Normalization has two steps

  1. Scaling
    • Calculate size factors or normalization factors that represents the relative depth bias in each cell
    • Scale the counts for each gene in each cell by dividing the raw counts with cell specific size factor
  2. Transformation: Transform the data after scaling
    • Per million (e.g. CPM)
    • log2 (e.g. Deconvolution)
    • Pearson residuals (eg. sctransform)

Bulk RNAseq methods are not suitable for scRNAseq data

CPM: convert raw counts to counts-per-million (CPM)

  • for each cell
  • by dividing counts by the library size then multiplying by 1.000.000.
  • does not address compositional bias caused by highly expressed genes that are also differentially expressed between cells.

DESeq’s size factor

  • For each gene, compute geometric mean across cells
  • For each cell
    • compute for each gene the ratio of its expression to its geometric mean,
    • derive the cell’s size factor as the median ratio across genes.
  • Not suitable for sparse scRNA-seq data as the geometric mean is computed on non-zero values only.

SCTransform

“This procedure omits the need for heuristic steps including pseudocount addition or log-transformation and improves common downstream analytical tasks such as variable gene selection, dimensional reduction, and differential expression. We named this method sctransform.”

Steps:

  1. Estimate size factors using a regularized negative binomial regression model

  2. Scale the counts by dividing the raw counts with the estimated size factors

  3. Apply a variance stabilizing transformation to the scaled counts by calculating Pearson residuals from the negative binomial regression model

SCTransform

Pearson residual = (Observed value – Expected value) / √(Expected variance)

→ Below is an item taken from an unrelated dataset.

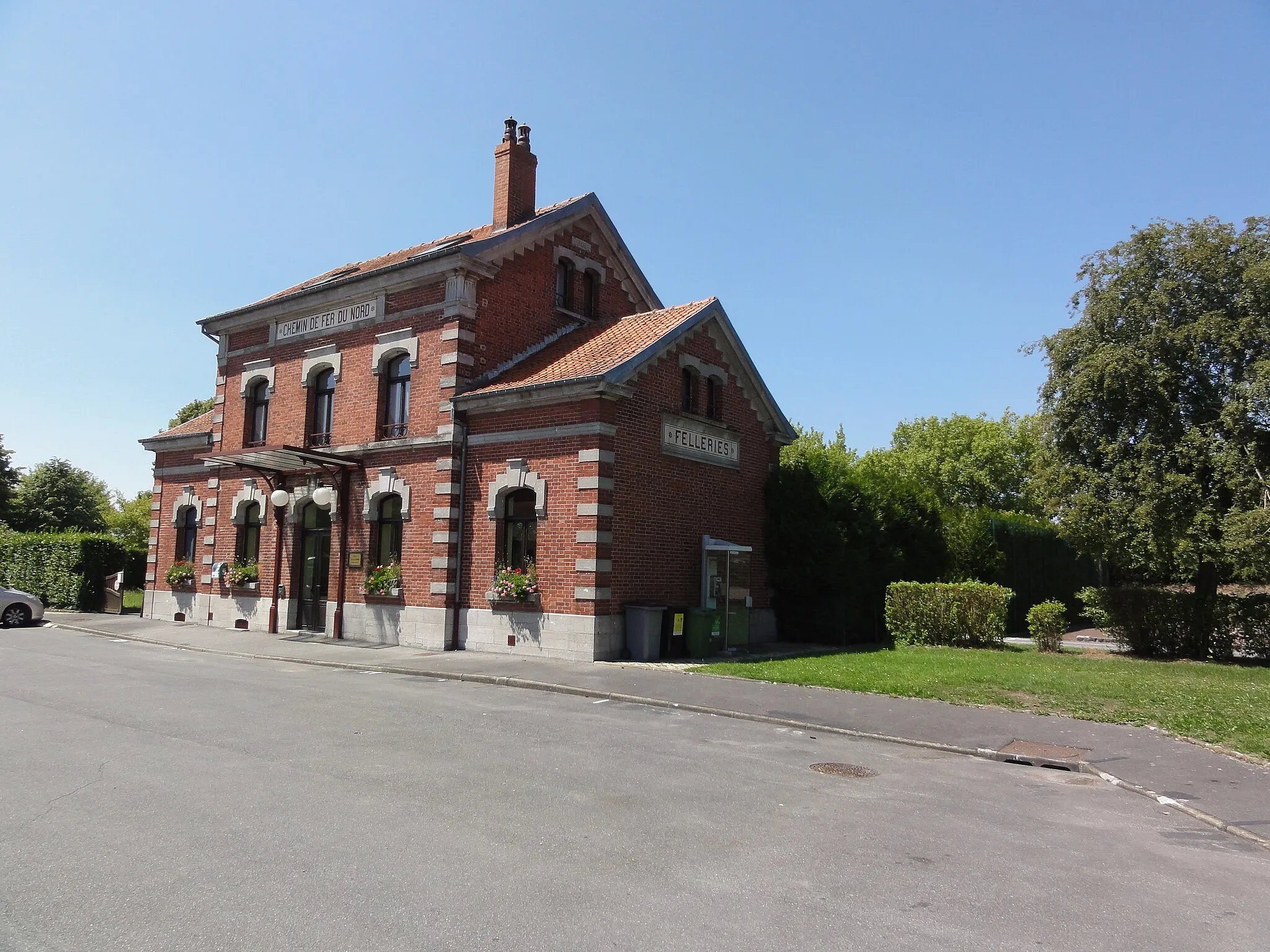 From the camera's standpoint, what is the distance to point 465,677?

If a gene has exactly the expression level we’d expect based on the model → residual = 0

If a gene is expressed higher than expected → positive residual

If a gene is expressed lower than expected → negative residual

These residuals become our normalised values and they’re useful for several reasons:

  • Standardized scale: All genes end up on the same scale regardless of their expression level

  • Variance stabilization: Unlike raw counts, these residuals have roughly the same variance across all expression levels. The transformation ensures that genes with different expression levels can be compared fairly – the variance no longer depends on the mean expression level.

  • Interpretation: Positive residuals mean higher-than-expected expression; negative means lower-than-expected. A residual of +2 means “this gene is expressed about 2 standard deviations higher than expected”.

SCTransform

Inside SCTransform there is a ‘selection’ of the the most variable genes.

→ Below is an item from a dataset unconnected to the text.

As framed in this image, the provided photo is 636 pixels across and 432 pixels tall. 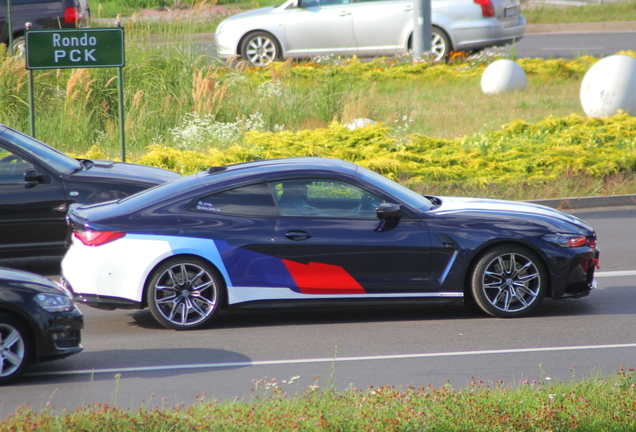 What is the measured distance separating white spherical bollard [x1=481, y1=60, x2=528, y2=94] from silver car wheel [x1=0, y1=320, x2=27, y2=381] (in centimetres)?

By default these are used for downstream dimensionality reduction and clustering (although in most cases you can change this)

  • Which genes should we use for downstream analysis?

Select genes which capture biologically-meaningful variation, while reducing the number of genes which only contribute to technical noise

Recap

  • We get different total counts for each cell due to technical factors (depth bias)
  • A simplistic library size normalisation (e.g. CPM) removes a large part of this bias
  • However, composition bias causes spurious differences between cells
  • Early methods developed for bulk RNA-seq are not appropriate for sparse scRNA- seq data.
  • The SCTransform method uses a regularized negative binomial regression model to estimate size factors, and applies a variance stabilizing transformation to the scaled counts.
  • This accounts for both sequencing depth (library size) and gene-specific effects simultaneously.